Those were the big ones, but not every game was so definitive. In Glasglow, Barcelona got the result they couldn’t take last year, though they needed a Celtic player’s dismissal to get it. And in Switzerland, a subdued game saw a Schalke moment of magic keep the club top in Group E.

Then comes the big picture. While Group F — the tournament’s Group of Death — continues to be about holding serve at home and taking points from Marseille, the rest of Tuesday’s quartets have established clear leaders. As they are in Spain, Barcelona and Atlético remain perfect, while Schalke are defying league inconsistencies to take six points through two rounds.

Here’s what else happened as Tuesday’s action kicked off the second round of UEFA Champions League action.

Group E: Steaua Bucharest (Romania) 0-4 Chelsea (England)

Chelsea’s quest to make amends for their opening round loss got off to a resounding start, their thrashing of Romanian champions Steaua leaving their hosts with a 0-2-0 record and -7 goal difference after two rounds. Dominant play from Andre Schurrle, Ashley Cole, and Oscar attacking Steaua’s right side led to two goals from Ramires and a clean-up tally from Frank Lampard. Claiming their first points of group stage, Chelsea also furthered the idea that full points against the Romanians could prove important in an increasingly convoluted group.

Group E: Basel (Switzerland) 0-1 Schalke (Germany)

This may have been the way Jens Keller would have orchestrated it before Schalke left for Switzerland: keep things tight; limit Basel’s chances; look for a set piece goal. And in the 54th minute, Schalke’s opportunity came off the most dangerous player in soccer – the second ball in off a corner kick. This time, that second ball was a shot from Julian Draxler, settling after a Basel clearance to blast the game’s only goal past Yann Sommer. Holding the Swiss champions to one shot on goal, Schalke stayed top of their group, now on six points through two rounds.
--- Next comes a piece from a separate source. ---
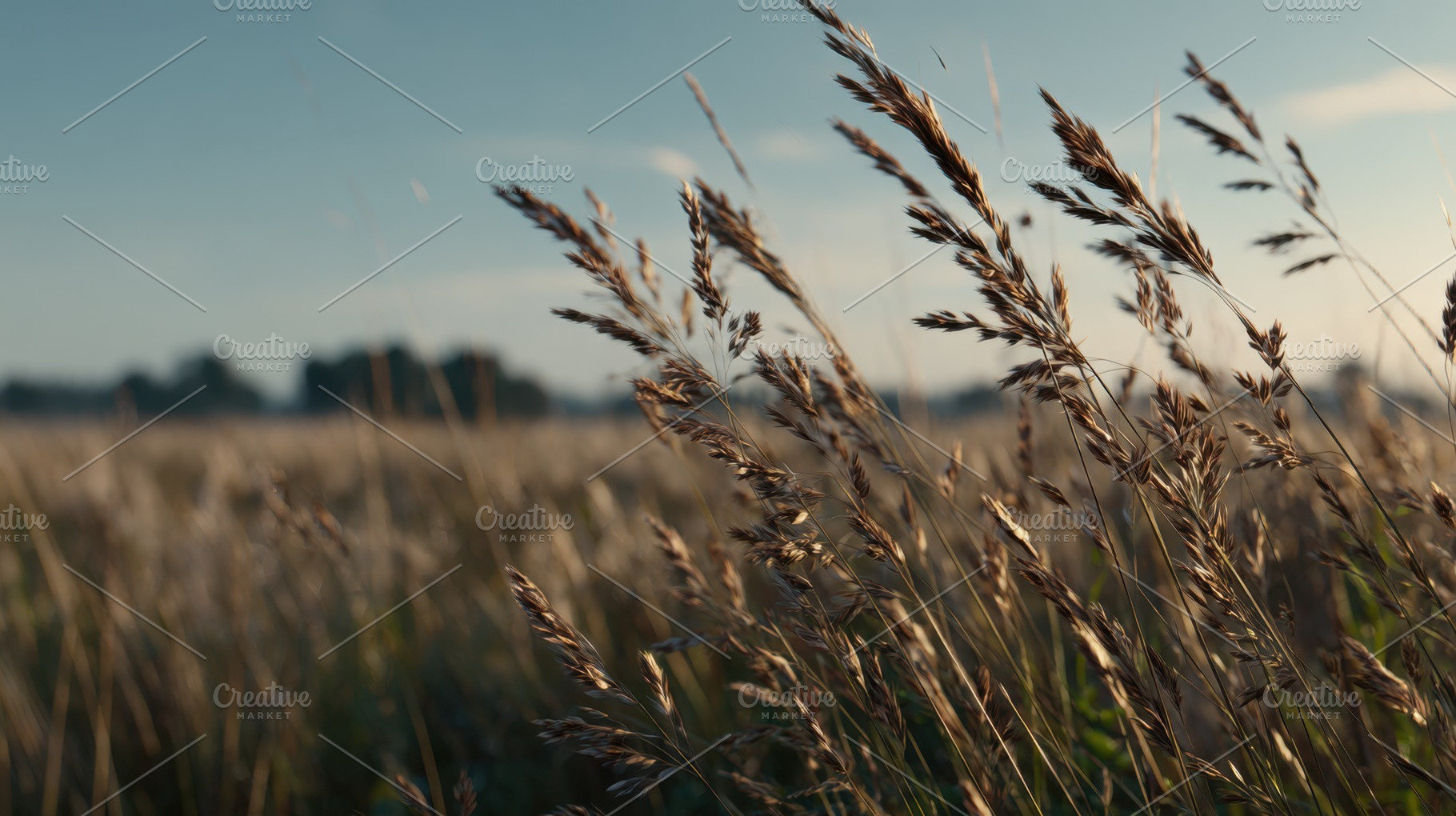 Wheat swaying in the wind at sunset, a Photo by Beautiful things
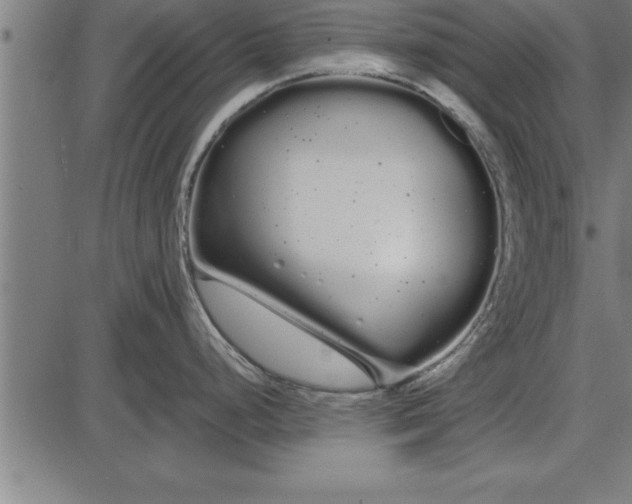 X0000086091248200704091318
Group F: Borussia Dortmund (Germany) 3-0 Marseille (France)

When Marseille hosted BVB two years ago, they hung a 3-0 on their young visitors. This time, the Klopp-less hosts returned the favor, getting two goals from Robert Lewandowski and a free kick score from Marco Reus en rout to a lopsided win.

Though Dortmund were without four starters, Marseille’s style played into their hands, allowed last year’s finalists to play off the counter and try to pick off their possession-needy guests. The first instance came in the 19th minute, a counterattack that left Lewandowski with an easy tap-in.  In the second half, Reus was helped by Steve Mandanda on his free kick goal, while Lewandowski’s second goal came from the spot after a foul by Nicolas N’Koulou.

Group F: Arsenal (England) 2-0 Napoli (Italy)

In a game that played more lopsided than the score, Arsenal gave their most impressive performance of the season, riding early goals from Mesut Özil and Olivier Giroud to an easy victory. A quick transition down Napoli’s left led to Özil’s eighth minute opener, the German international surgically finishing a ball from Aaron Ramsey, while a turnover in their over third from Napoli led to Olivier Giroud’s 15th minute score.

It was a disappointing performance from Napoli, but as long as that form can be left in London, the implications of the day’s result could be limited. The Emirates are not a place where the Partenopei would have expected to get a win before group play started, and while it would have wonders toward getting Napoli through a tough group, Rafa Benítez’s team is still in control of their knockout round fate.

[MORE: Dominance then control give Arsenal 2-1 win over Napoli.]

[MORE: Mesut Ozil signing just keeps getting sweeter for Arsenal.]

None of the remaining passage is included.